LSM Minta Komnas HAM Bentuk Tim Investigasi Poso
Jumat, 23 Jul 2004 13:38 WIB
Jakarta -
Sebanyak 20-an LSM yang tergabung dalam Solidaritas Nasional Untuk Poso meminta Komnas HAM membentuk Tim Investigasi Poso. Pemerintah diminta segera mengusut penyalahgunaan dana kemanusiaan.Duapuluh LSM itu, diantaranya Kontras, Walhi, GMNI, GMKI, HMI, KPI Jabatobek, PBHI dan lain-lain. Mereka membawa spanduk bertuliskan "Aksi Keprihatinan Untuk Poso yang Menuntut Pertanggungjawaban Negara"."Kami minta Komnas HAM membentuk tim penyelidik kasus kekerasan di Poso yang mulai marak. Dengan demikian, Komnas HAM dapat melihat keadaan dan menerima laporan dari masyarakat," kata Ketua Presidium Kontras Usman Hamid di kantor Komnas HAM, Jakarta, Jumat (23/7/2004).Menurut Usman, Komnas HAM diminta segera melakukan penyelidikan atas tindak kekerasan di Poso oleh aparat kepolisian dan TNI sejak 1998 hingga 2004."Operasi yang melibatkan 3900 personel TNI/Polri dan menggunakan dana APBD Poso sebanyak Rp 9 miliar gagal memberikan jaminan keamanan kepada masyarakat. Aparat justru melakukan kekerasan," ujarnya.Selain itu, pemerintah pusat dalam hal ini penegak hukum diminta melakukan pengusutan terhadap penyalahgunaan dana bantuan kemanusiaan bagi masyarakat.
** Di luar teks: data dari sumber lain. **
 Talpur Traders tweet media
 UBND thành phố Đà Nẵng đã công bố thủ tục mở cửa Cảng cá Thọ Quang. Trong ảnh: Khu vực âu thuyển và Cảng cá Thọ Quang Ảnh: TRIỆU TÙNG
Lebih lanjut, kata Usman, data di lapangan menunjukkan ada manipulasi penyaluran dana kemanusiaan. Dana bantuan tidak tersalurkan ke 18.070 KK atau 90.330 jiwa.Menanggapi hal itu, Anggota Komnas HAM Samsudin mengatakan usulan dan masukan pembentukan tim investigasi Poso akan dibawa ke rapat pleno Komnas HAM pada 28 sampai 29 Juni 2004."Komnas telah menyurati kapolda setempat untuk mengusut tindak kekerasan di Poso," kata Samsudin.